ACTION ITEM: When you reach a picture, skip it, and retype every line below exactly.

Stored dataset items:
══════════

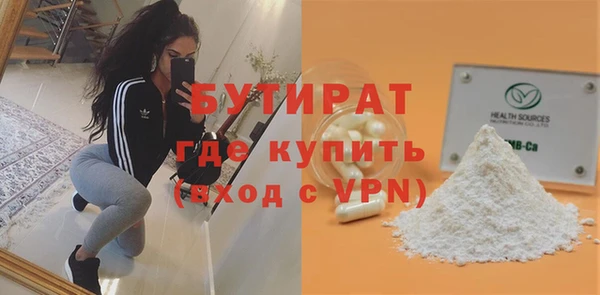 не бодяженный Арсеньев
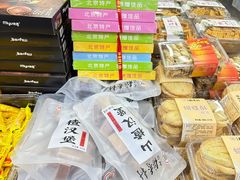 -北京稻香村(角门店)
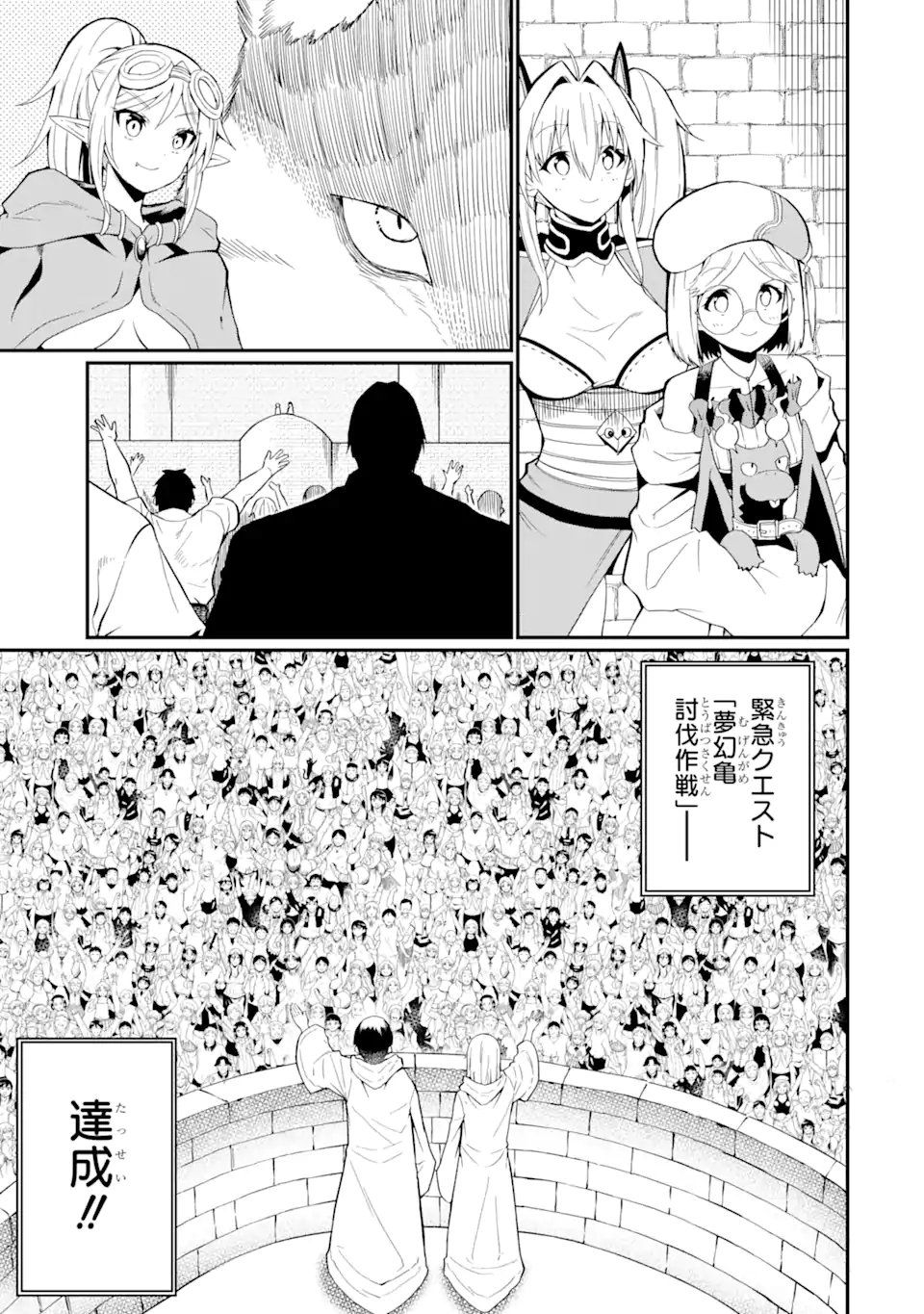 Honyaku no Sainou de Ore Dake ga Sekai wo Kaihen Dekiru Ken – Hazure Sainou Honyaku de Kizukeba Sekai Saikyou ni Nattemashita - Chapter 24.2 - Page 17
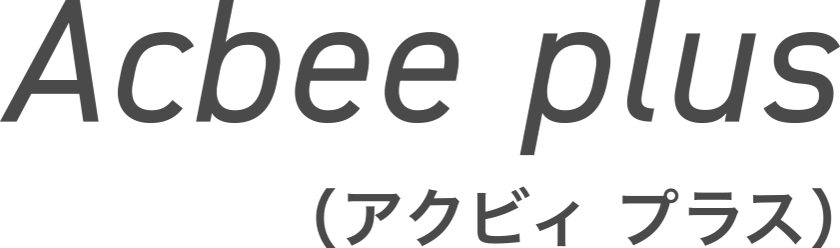 Acbee plus(アクビィ プラス)
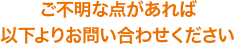 ご不明な点があれば以下よりお問い合わせください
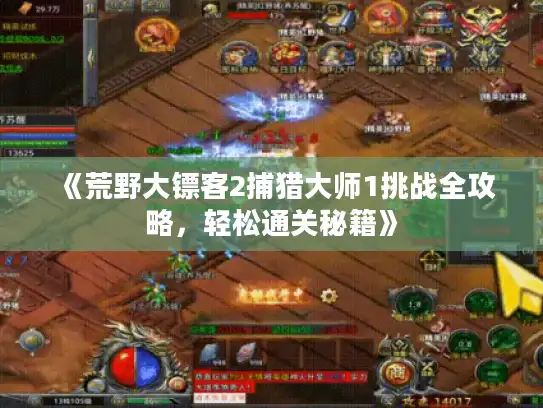 《荒野大镖客2捕猎大师1挑战全攻略，轻松通关秘籍》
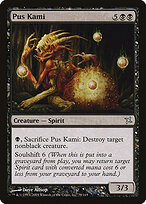 Pus Kami #79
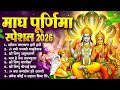 Magh Purnima Bhajan 2026 माघ पूर्णिमा स्पेशल Nonstop Vishnu Ji Bha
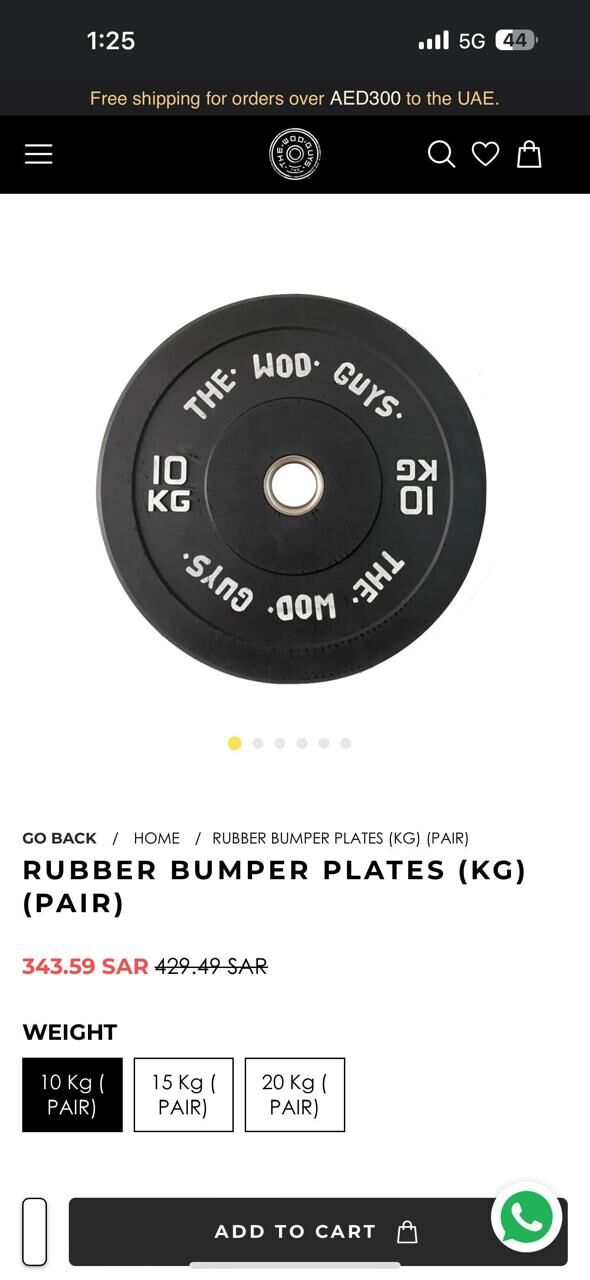 Riyadh, Sporting Goods, SAR 1500,  Full Gym Set - Bench, Rack, Weights, Bar, Etc.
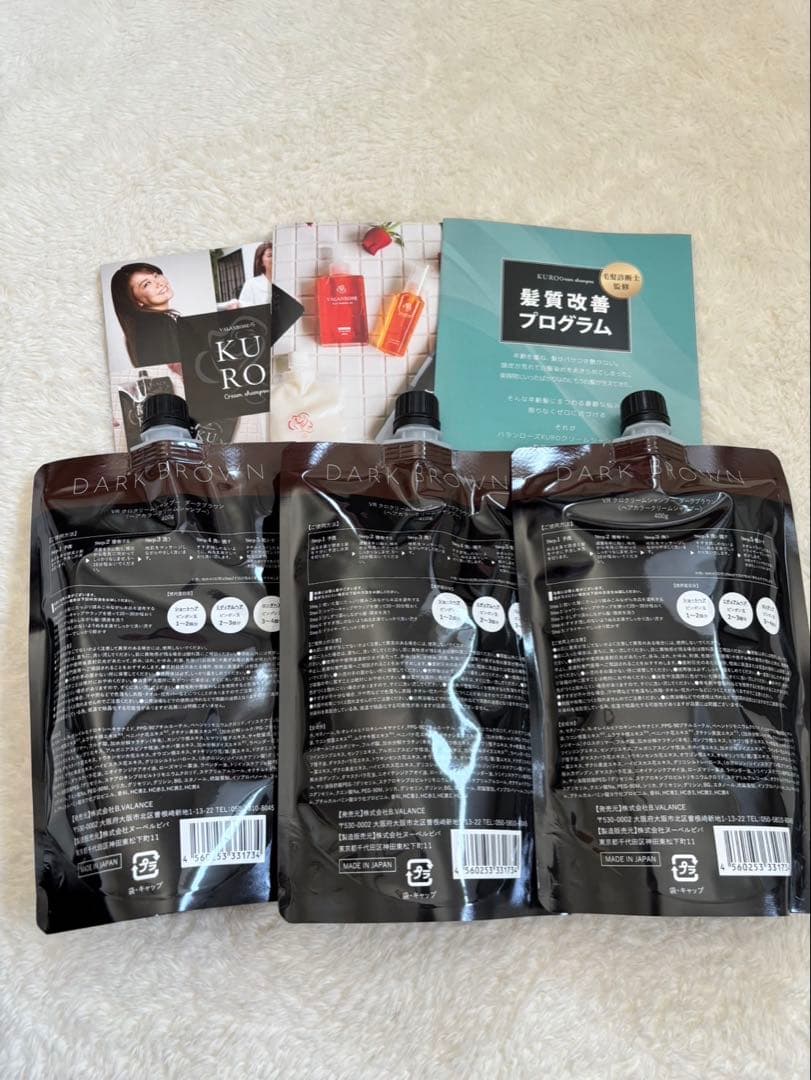 バランローズ KUROクリームシャンプー 白髪染め 3個セット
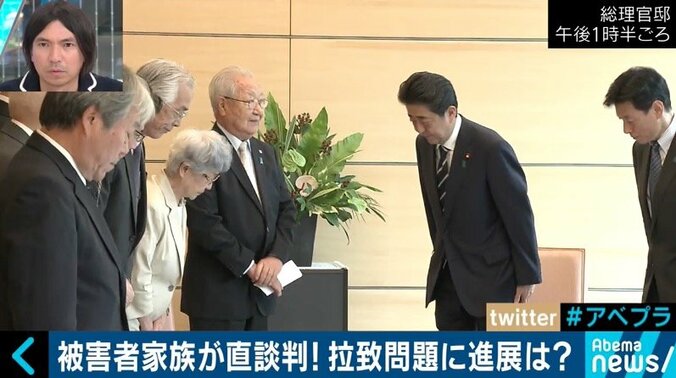 ９月に日朝首脳会談の可能性…拉致問題解決のための課題とは 6枚目
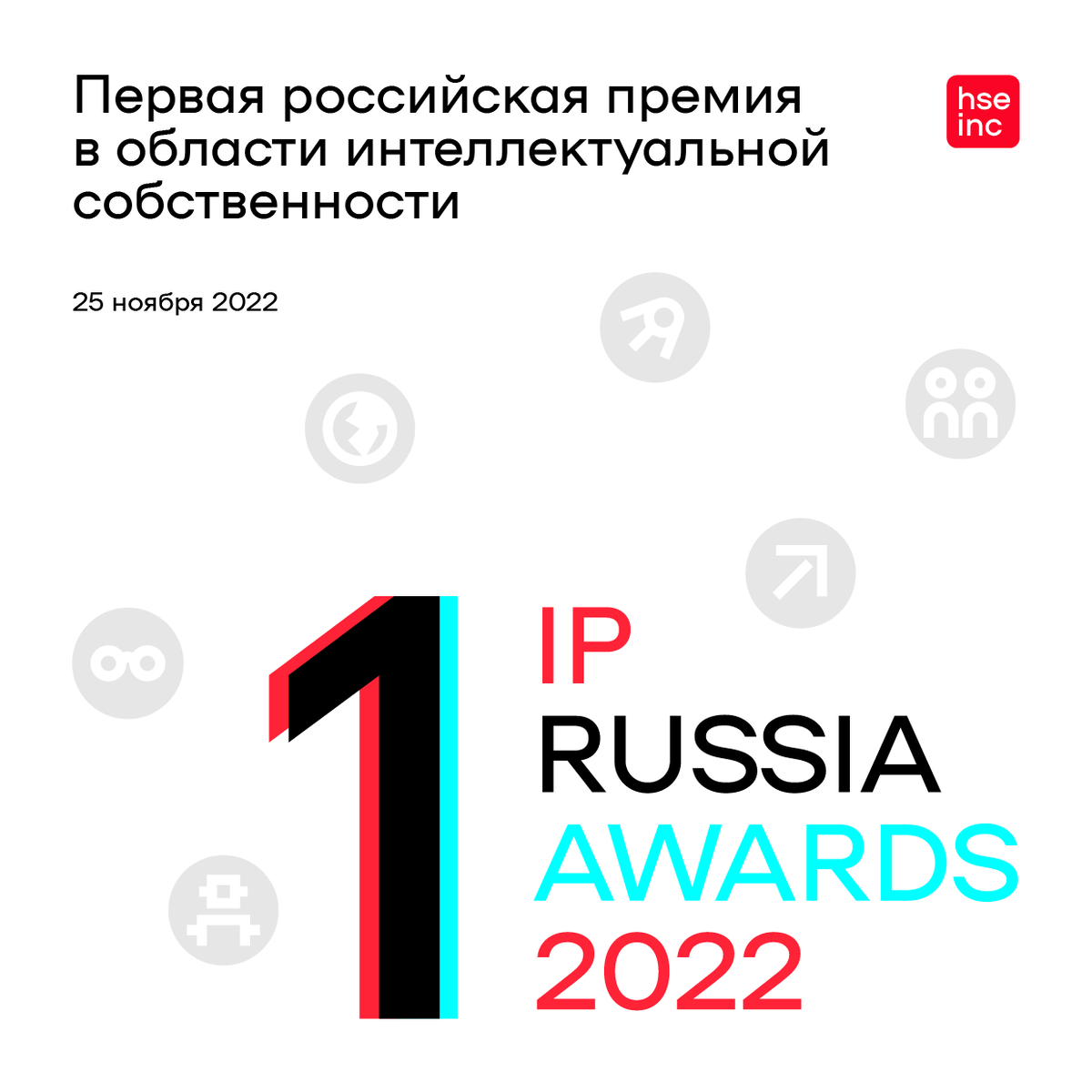 Для студентов открыта специальная номинация «Студенческая Премия. Лучший проект в области эко-инноваций в нефтяной промышленности».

══════════

WRITTEN SOLUTION:
 не бодяженный Арсеньев
 -北京稻香村(角门店)
 Honyaku no Sainou de Ore Dake ga Sekai wo Kaihen Dekiru Ken – Hazure Sainou Honyaku de Kizukeba Sekai Saikyou ni Nattemashita - Chapter 24.2 - Page 17
 Acbee plus(アクビィ プラス)
 ご不明な点があれば以下よりお問い合わせください
 《荒野大镖客2捕猎大师1挑战全攻略，轻松通关秘籍》
 Pus Kami #79
 Magh Purnima Bhajan 2026 माघ पूर्णिमा स्पेशल Nonstop Vishnu Ji Bha
 Riyadh, Sporting Goods, SAR 1500,  Full Gym Set - Bench, Rack, Weights, Bar, Etc.
 バランローズ KUROクリームシャンプー 白髪染め 3個セット
 ９月に日朝首脳会談の可能性…拉致問題解決のための課題とは 6枚目
 Для студентов открыта специальная номинация «Студенческая Премия. Лучший проект в области эко-инноваций в нефтяной промышленности».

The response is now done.